Catholic Bishop Joseph Strickland, of the Diocese of Tyler, praised Leona and other city leaders for working to protect unborn babies.

“I’m so grateful to all who have worked with Mark Lee Dickson and others to establish Sanctuary Cities for the Unborn in more than thirty communities,” Strickland said. “It is my prayer that every community in East Texas and beyond will join this grassroots effort to protect the unborn. Let’s make the USA a pro-life nation even if we have to do it one city at a time.”

The movement is growing, and it has been effective in protecting unborn babies from abortion. In May, voters in Lubbock, Texas overwhelmingly approved a Sanctuary City for the Unborn ordinance, and Planned Parenthood was forced to stop aborting unborn babies there.
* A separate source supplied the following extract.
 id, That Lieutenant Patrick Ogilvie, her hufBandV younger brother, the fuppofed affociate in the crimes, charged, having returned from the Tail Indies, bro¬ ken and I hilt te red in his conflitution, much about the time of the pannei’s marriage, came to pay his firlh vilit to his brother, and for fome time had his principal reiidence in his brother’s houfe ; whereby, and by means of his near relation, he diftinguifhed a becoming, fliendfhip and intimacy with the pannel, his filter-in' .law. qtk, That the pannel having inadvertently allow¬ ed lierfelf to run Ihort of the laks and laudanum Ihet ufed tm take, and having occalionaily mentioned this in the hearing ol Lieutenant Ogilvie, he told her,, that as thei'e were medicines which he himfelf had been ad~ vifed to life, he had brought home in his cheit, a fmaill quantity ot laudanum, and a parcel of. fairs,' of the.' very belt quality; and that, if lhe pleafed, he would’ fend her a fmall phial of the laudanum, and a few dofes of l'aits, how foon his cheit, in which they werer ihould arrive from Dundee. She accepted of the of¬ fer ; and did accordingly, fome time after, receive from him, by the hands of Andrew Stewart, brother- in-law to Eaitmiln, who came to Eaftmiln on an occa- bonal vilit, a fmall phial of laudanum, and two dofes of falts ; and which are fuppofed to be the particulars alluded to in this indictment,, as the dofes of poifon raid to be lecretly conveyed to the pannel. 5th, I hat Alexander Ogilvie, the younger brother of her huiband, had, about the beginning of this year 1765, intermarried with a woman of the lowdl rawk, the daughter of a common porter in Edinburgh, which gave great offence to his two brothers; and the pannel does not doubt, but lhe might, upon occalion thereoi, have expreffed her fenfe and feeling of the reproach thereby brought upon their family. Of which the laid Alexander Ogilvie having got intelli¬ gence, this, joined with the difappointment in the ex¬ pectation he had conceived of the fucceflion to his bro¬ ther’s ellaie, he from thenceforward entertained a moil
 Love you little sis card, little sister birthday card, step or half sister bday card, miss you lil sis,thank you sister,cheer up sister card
The abortion chain challenged the ordinance, but a judge threw out their lawsuit earlier this summer.

Abortion activists are worried, and they are ramping up efforts to oppose the effort in cities across the country.
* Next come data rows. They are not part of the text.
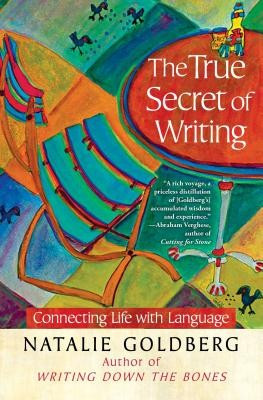 The True Secret of Writing: Connecting Life with Language foto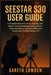 Seestar S30 User Guide: A Complete Manual to Set Up, Operate, and Master Smart Astrophotography, Explore Deep-Sky Objects, and Capture Stunning Result by Gareth Lowden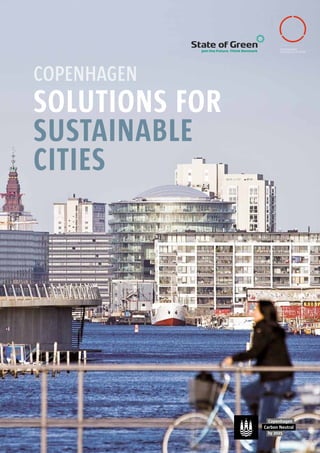 Logo / State of Green


                                                            Green
                                                            C 100 - M 0 - Y 70 - K 0
                                                            100% & 60 %


                                                            Dark
                                                            C 0 - M 0 - Y 0 - K 95




Copenhagen: Solutions For Sustainable Cities
October 2012
                                               Copenhagen
                                               SOLUTIONS FOR
CITY OF COPENHAGEN
City Hall
1599 København V




                                               SUSTAINABLE
info@cphcleantech.com
www.cphcleantech.com




                                               CITIES
 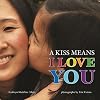 A Kiss Means I Love You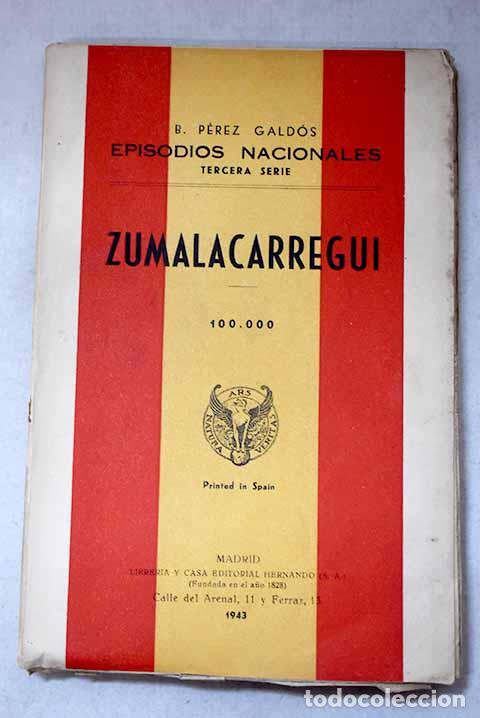 Libros: Zumalac&aacute;rregui: P&eacute;rez Gald&oacute;s, Benito.- P&eacute;rez Gald&oacute;s, Benito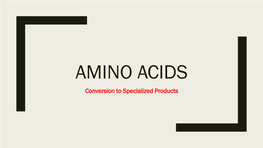 AMINO ACIDS Conversion to Specialized Products OVERVIEW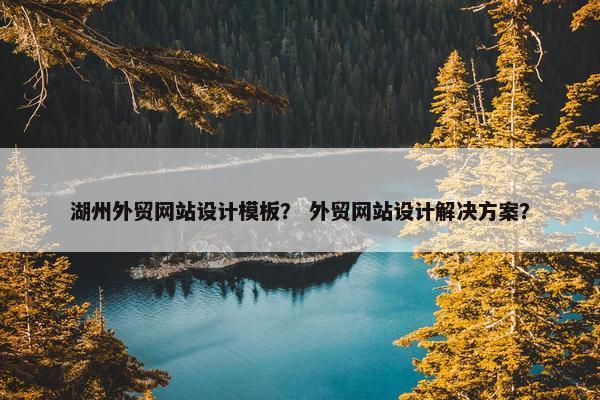 湖州外贸网站设计模板？ 外贸网站设计解决方案？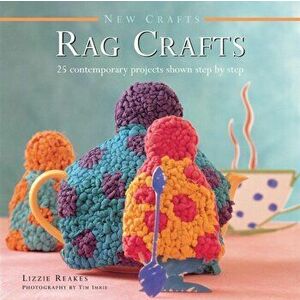 New Crafts: Rag Crafts, Hardback - Reakes Lizzie imagine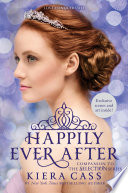 Happily Ever After  Companion to the Selection Series Book PDF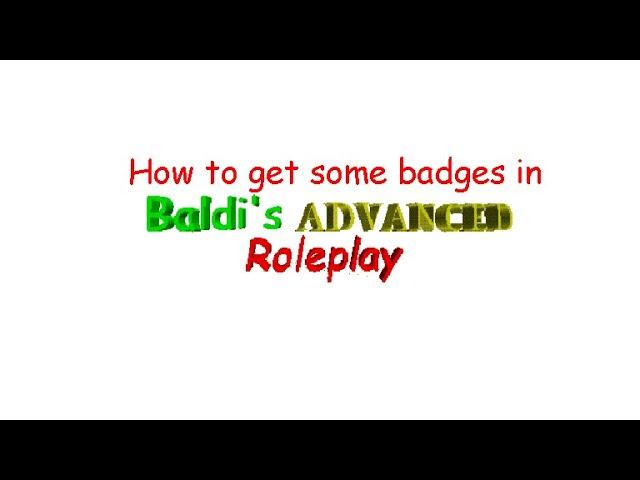 How to get some badges in Baldi's Advanced RP!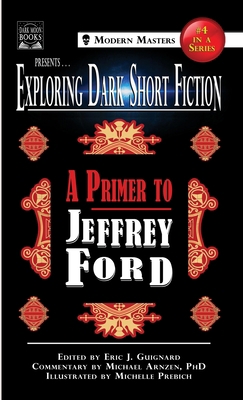 Exploring Dark Short Fiction #4: A Primer to Je... 1949491110 Book Cover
“While the city council meeting in Leona, Texas was peaceful last night, the city council meeting in Mason, Ohio came to an abrupt end when Campus Safety advised the City of Mason that they should go ahead and adjourn the meeting,” Dickson told LifeNews. “Even though the Sanctuary City for the Unborn Ordinance was not on the City Council agenda, the Mason, Ohio council meeting was met with loud interruptions from pro-choice advocates seeking to prohibit any future discussion of the ordinance outlawing abortion.”

In July, abortion activists also protested when the commissioners of Manatee County, Florida passed a funding measure to support pregnant and parenting mothers in their community. Manatee County also is considering a Sanctuary for the Unborn ordinance.

Dickson encouraged anyone interested in a Sanctuary City for the Unborn ordinance in their city to sign an online petition at www.sanctuarycitiesfortheunborn.com/online-petition.

“Once we have enough signatures in an area, we make the necessary contacts, draft the necessary documents, and do our part to help the initiative move forward in an area,” he said.

To date, 32 cities in Texas, two in Nebraska and one in Ohio have passed pro-life ordinances to outlaw abortions. One city, Omaha, Texas, did repeal its ordinance and pass a non-enforceable pro-life resolution instead.

Though abortion activists have threatened legal action, the cities have been successful in court. In 2020, the American Civil Liberties Union dropped its lawsuit challenging several Texas cities’ pro-life ordinances.